Despite the results, Randy Carlyle’s message remains the same.

After losing its second straight game and having accumulated just five points in their last 15 games, the Toronto Maple Leafs put forth a solid effort in dropping a 3-2 decision to the Pittsburgh Penguins.

“There were a lot of positives that came out of (Wednesday’s) hockey game,” Carlyle said.

“That’s part of the coaching staff’s responsibility. You are going to hear it a lot of times from me; it’s about the environment we are able to create for them. They have to feel good about their work ethic and I told them so. But, again, the mental mistakes are correctable. The positional mistakes we made and the turnovers at inopportune times are correctable.”

It was a second straight solid effort. It was also the second consecutive night the Leafs lost two players to injury.

Joffrey Lupul and right winger Colby Armstrong went down against the Bruins. Lupul, who will be out 3-4 weeks, suffered a separated shoulder while Armstrong broke his nose in a fight and is listed as day-to-day.

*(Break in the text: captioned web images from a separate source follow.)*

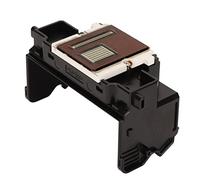 Generic Tête d'impression Couleur ABS de Remplacement pour MG5350, MG5240, IP4950, MX885, MX895, Expérience d'impression Fluide pour Les Professionnels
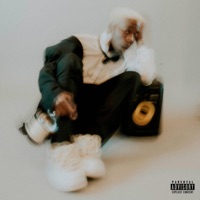 Talk To Me 2 - Single - KindlyNxsh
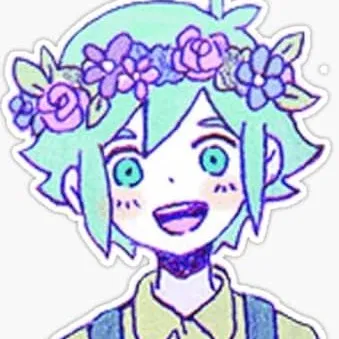 creator basil..?'s avatar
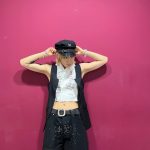 Ten Instagram -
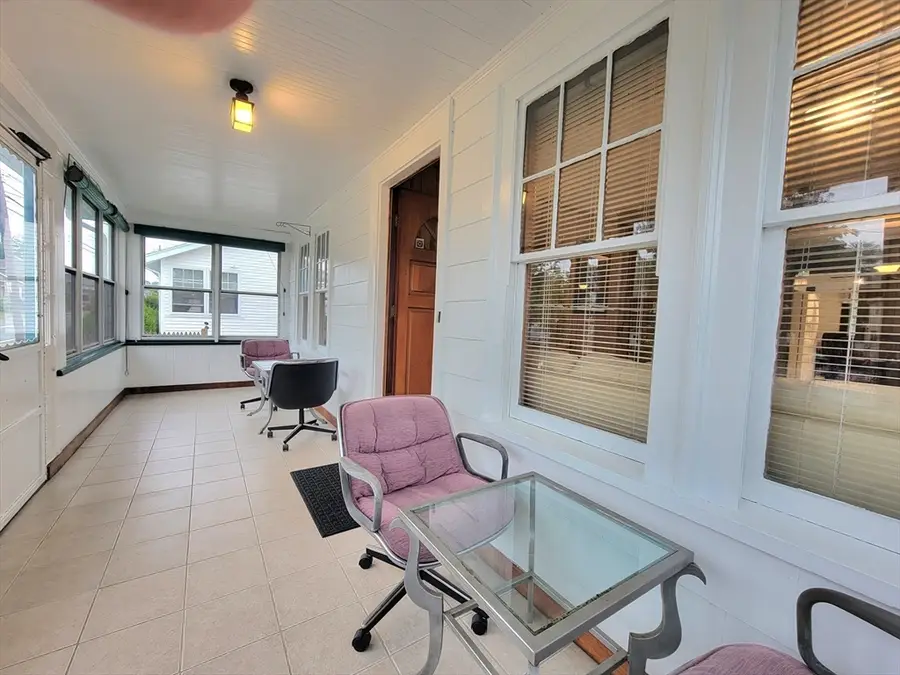 166 Harvard St, Quincy, MA 02170 - #3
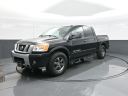 Thumbnail image of 2015 Nissan Titan at Molle Toyota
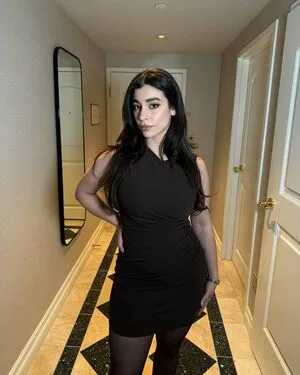 Ayaattt OnlyFans Leaked Free Thumbnail Picture - #HfikOLTEBi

Early in the first period, Mike Brown — who missed Tuesday’s game with a sore hand — crashed heavily into the end boards behind the Penguins’ goal and got up slowly before heading to the dressing room with a leg injury. Not long afterwards defenceman Cody Franson took the butt end of teammate Tim Connolly’s stick in the eye and also did not return to the game.

Carlyle, who was coaching just his third game since joining the Leafs last Friday, leaned heavily on some of his players who were given additional ice time and responsibility. Captain Dion Phaneuf led the Leafs at 29:20 and responded with a plus-2 rating.

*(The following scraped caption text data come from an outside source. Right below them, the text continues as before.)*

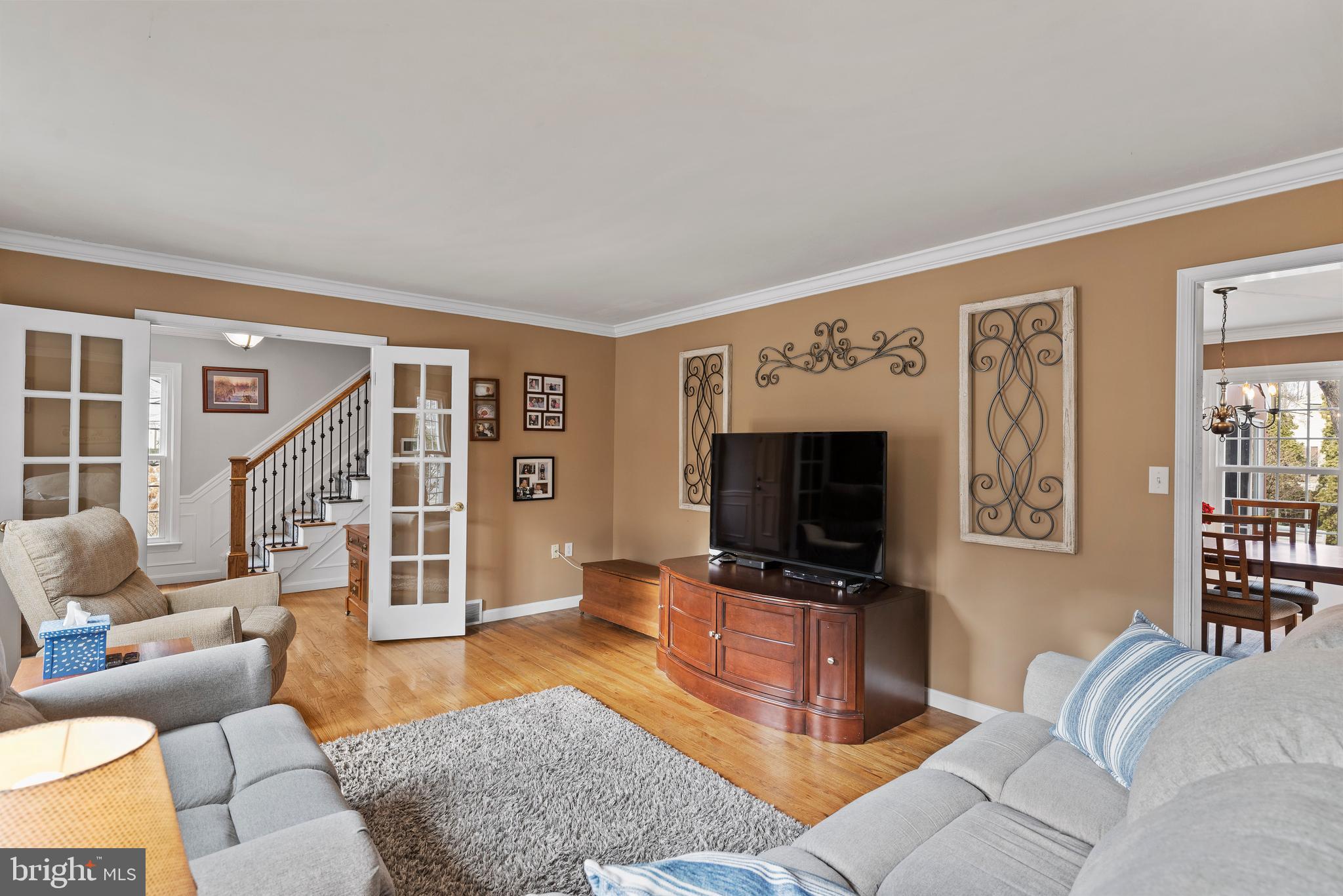 WESTOVER - Residential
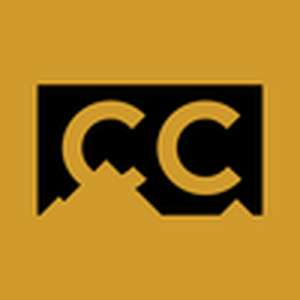 美国-科罗拉多学院-logo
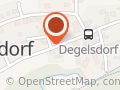Getränke Trenz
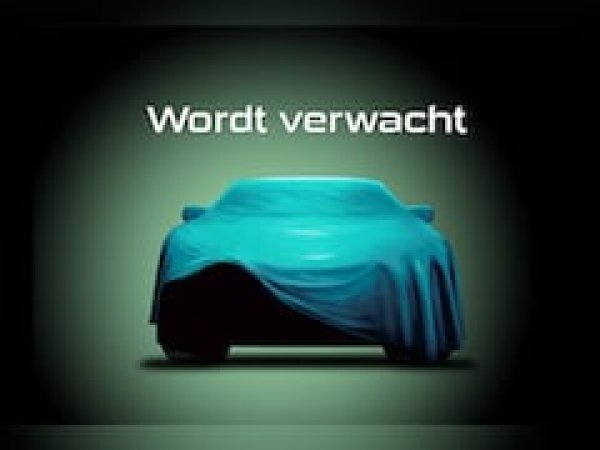 Foto van Peugeot 2008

“I think that we showed signs of enthusiasm and kind of stuck with our game plan,” Carlyle explained. “I thought we were better from a defensive standpoint in the critical areas and I thought that our work-ethic was stronger, but we ran out of bodies. We lost two bodies in the first 10 minutes of the hockey game again (Wednesday) and it taxes everybody else.

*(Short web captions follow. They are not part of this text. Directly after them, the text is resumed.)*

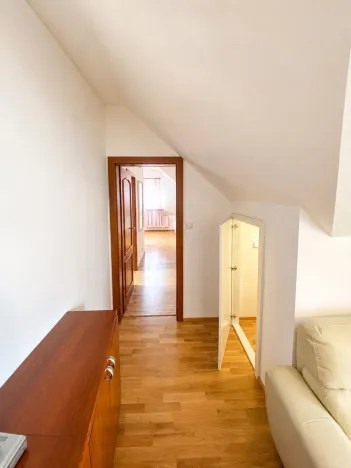 Prodej rodinného domu, Karlovy Vary, K Výhledu, 362 m2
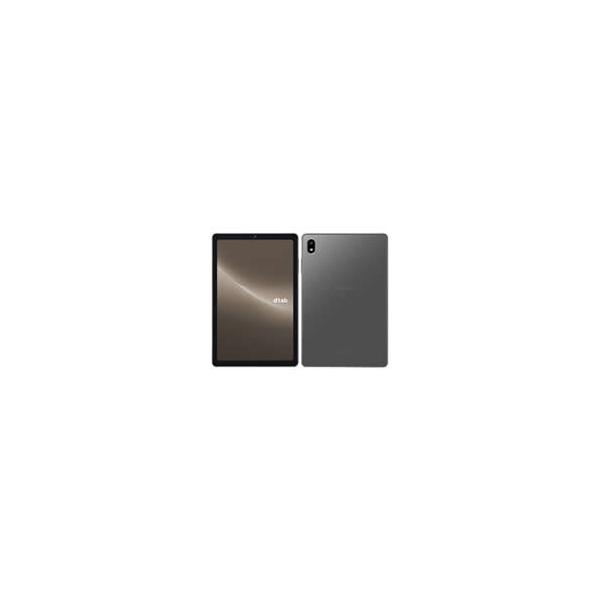 dtab 「新品-SIMロック解除済」dtab Compact d-52C docomo dtab 「新品-SIMロック解除済」dtab Compact d-52C docomo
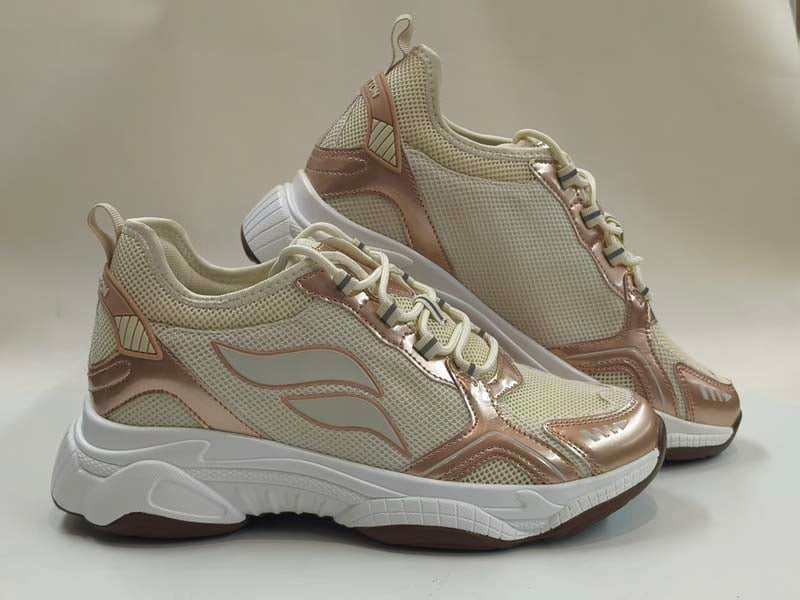 G003-Group purchase style-Height Enhancing Shoes(Unisex) size:35-44 $11-12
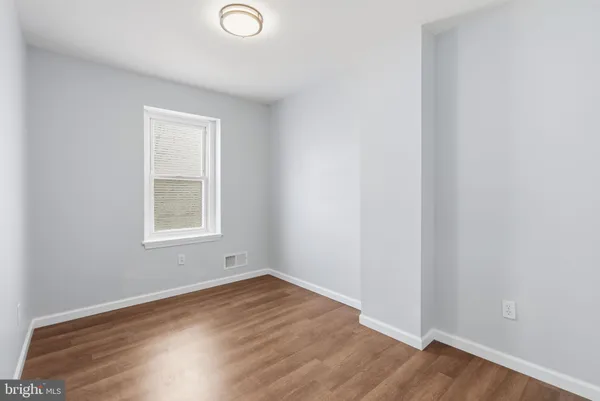 $200,000 | 606 South Franklin Street, Wilmington, DE 19805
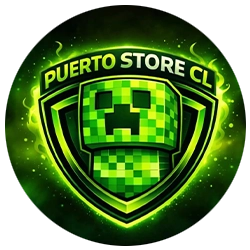 Puerto Store CL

“Then it showed in some of the questionable decisions in terms of when to pinch and when not to pinch; turnovers and positioning. It’s the little things that are costing us and my message to the players was, until we adopt the mentality that we are going to correct those little things, the work they are putting in they are not being rewarded for.”

On a day when the Penguins organization honoured the great Mario Lemieux by unveiling a statue of No. 66 in front of the CONSOL Energy Center, it was the visitors who got off to a fast start in the game.

Right winger Phil Kessel scored his second goal in as many nights and 34th of the season a minute into the second period with the teams playing four aside. The puck was directed to him at the side of the goal and he swept it past Brad Thiessen, who was playing in just his second NHL game.

Six minutes later defenceman Carl Gunnarsson scored his second in as many games when a shot by Mikhail Grabovski banked in off his leg. Pascal Dupuis pulled the Penguins to within a goal when he deflected a shot past Jonas Gustavsson.

There’s a reason why the Penguins are one of the best teams in the NHL and were entering Wednesday’s tilt riding a six-game winning streak and the Leafs found out why as the game progressed. Quite simply, the Penguins don’t quit. They pounded the shorthanded Leafs every chance they got.

Jordan Staal tied it a minute and a half into the third on a similar tip-in and then Dupuis gave the home side the lead with a shot that somehow found its way through The Monster.

For the second straight night, Carlyle came to the defence of his goalie.

“They were out-shooting us (by a ratio of) 2-1 at one point until we finally got some shots so you really can’t fault The Monster,” Carlyle said. “I thought he gave us a chance in the game. I’m sure he’d like to have the one goal back, but he gave us a pile of saves and we weren’t able to get the third goal to tie the hockey game.”

In a vote of confidence, the Leafs once again turned to Gustavsson. Carlyle was very clear Tuesday after the Leafs were beaten by the Boston Bruins that Gustavsson was not to blame. The coach said he was abandoned by his teammates.

It is clear the Maple Leafs believe Gustavsson, and not James Reimer, gives them the best chance to win at this stage of the season.

While Kessel has continued to score under Carlyle, his poor defensive play has been an issue. Carlyle, however, wasn’t willing to throw him under the bus.

“I think there’s work for our group; not just the Kessel line,” he said. “He scored again and you need offence to win in this league, but you also need defence and right now our mixture hasn’t been what is required for success in the last two games.”

Judging by the players’ reaction after the game, they are starting to get the coach’s message.

“In the second period we turned the puck over too many times and that’s when it gets tough,” said Gunnarsson.